[AVAILABLE RECORDS — start]

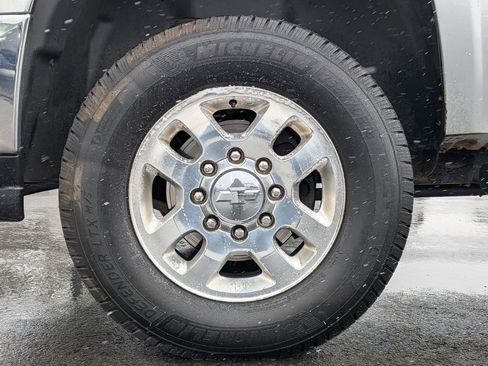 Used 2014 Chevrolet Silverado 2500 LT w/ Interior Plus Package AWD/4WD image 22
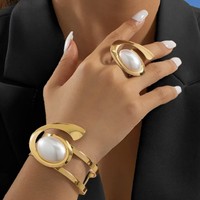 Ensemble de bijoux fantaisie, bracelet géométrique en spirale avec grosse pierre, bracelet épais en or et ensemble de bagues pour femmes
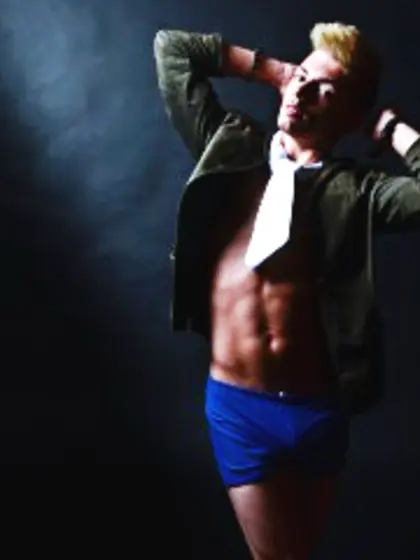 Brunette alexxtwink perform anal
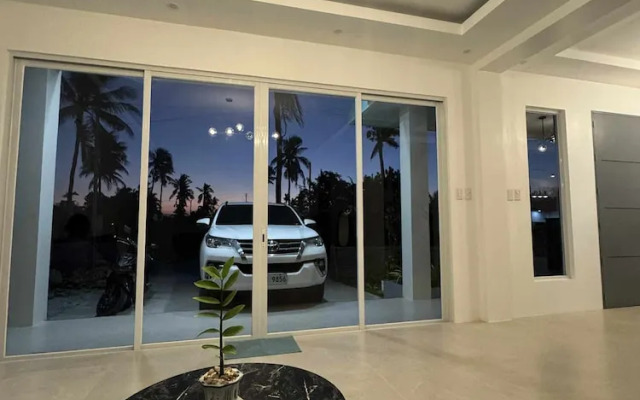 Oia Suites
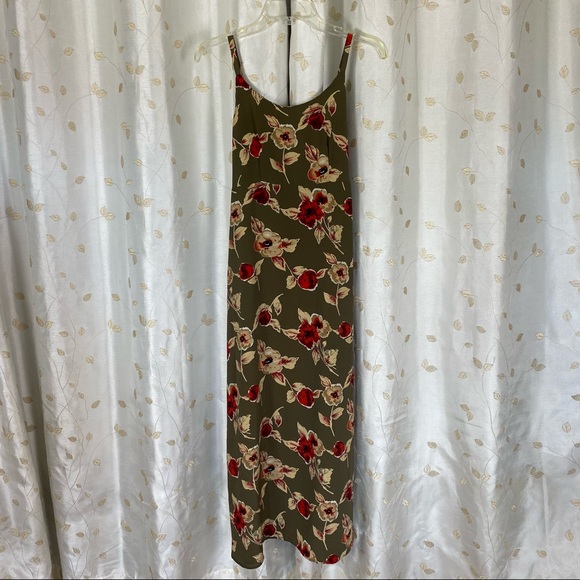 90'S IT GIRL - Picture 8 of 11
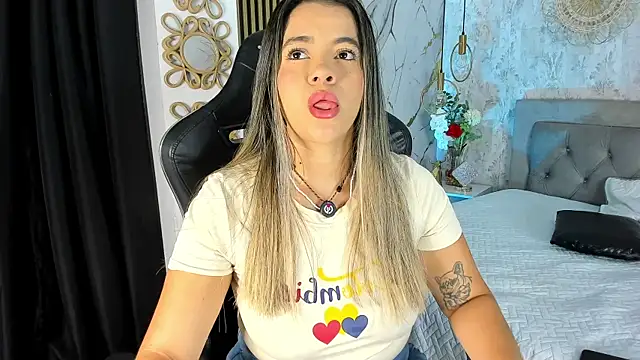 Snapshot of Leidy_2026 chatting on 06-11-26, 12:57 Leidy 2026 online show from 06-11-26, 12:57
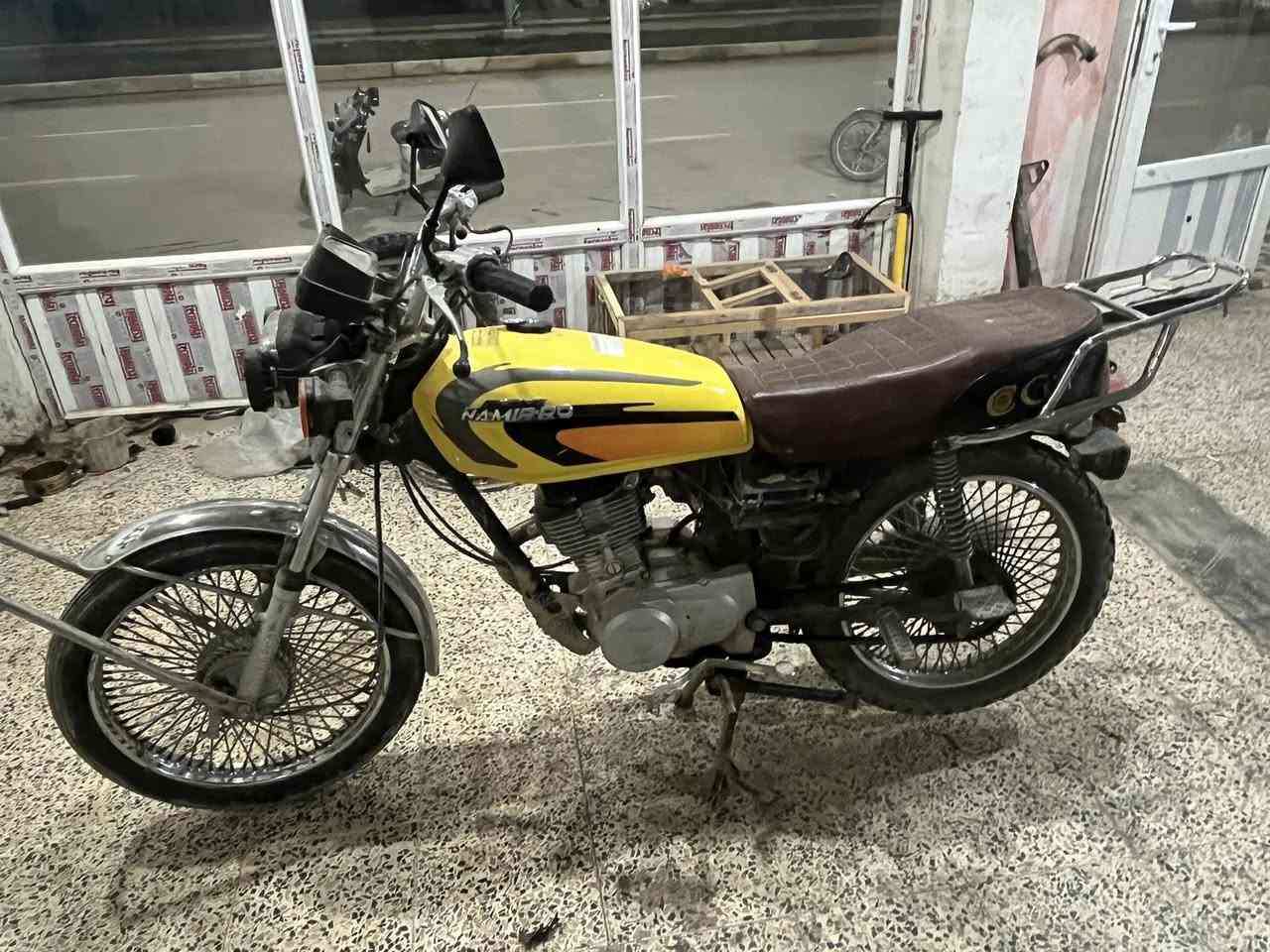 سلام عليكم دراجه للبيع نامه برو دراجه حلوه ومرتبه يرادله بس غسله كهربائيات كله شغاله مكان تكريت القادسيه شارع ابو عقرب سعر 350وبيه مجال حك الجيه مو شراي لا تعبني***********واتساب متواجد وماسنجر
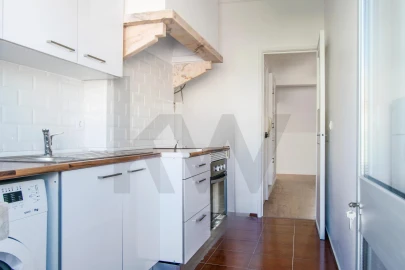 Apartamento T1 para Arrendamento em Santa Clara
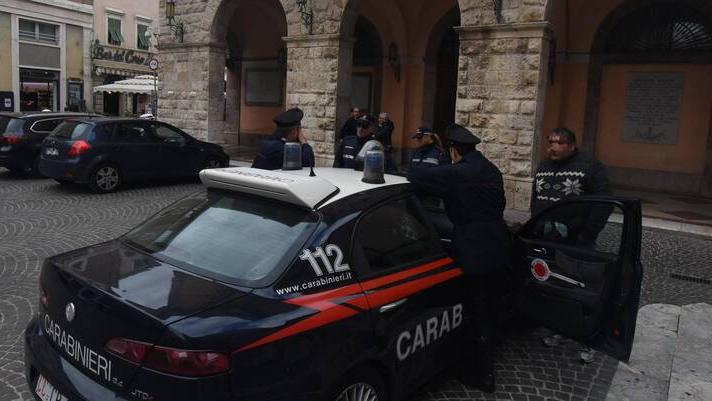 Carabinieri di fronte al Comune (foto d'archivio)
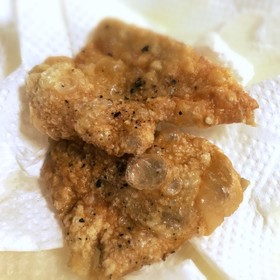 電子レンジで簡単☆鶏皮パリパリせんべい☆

[AVAILABLE RECORDS — finish]

YOUR GOAL: Reproduce the data above exactly, but only from the line containing "Snapshot of Leidy_2026" through the line containing "Carabinieri di fronte"; skip the pictures.

EXERCISE RESULT:
 Snapshot of Leidy_2026 chatting on 06-11-26, 12:57 Leidy 2026 online show from 06-11-26, 12:57
 سلام عليكم دراجه للبيع نامه برو دراجه حلوه ومرتبه يرادله بس غسله كهربائيات كله شغاله مكان تكريت القادسيه شارع ابو عقرب سعر 350وبيه مجال حك الجيه مو شراي لا تعبني***********واتساب متواجد وماسنجر
 Apartamento T1 para Arrendamento em Santa Clara
 Carabinieri di fronte al Comune (foto d'archivio)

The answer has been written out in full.